What the exercise asks
Transcribe exactly the line that contains "Man putting his" and every line after it to the end of the entries, and nothing more.

Available records

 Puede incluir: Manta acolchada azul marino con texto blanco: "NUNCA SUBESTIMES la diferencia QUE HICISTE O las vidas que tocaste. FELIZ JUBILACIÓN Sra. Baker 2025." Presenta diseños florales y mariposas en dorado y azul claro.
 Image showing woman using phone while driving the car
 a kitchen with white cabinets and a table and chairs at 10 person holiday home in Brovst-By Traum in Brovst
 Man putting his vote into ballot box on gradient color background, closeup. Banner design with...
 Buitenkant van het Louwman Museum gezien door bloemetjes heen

Output for this exercise
 Man putting his vote into ballot box on gradient color background, closeup. Banner design with...
 Buitenkant van het Louwman Museum gezien door bloemetjes heen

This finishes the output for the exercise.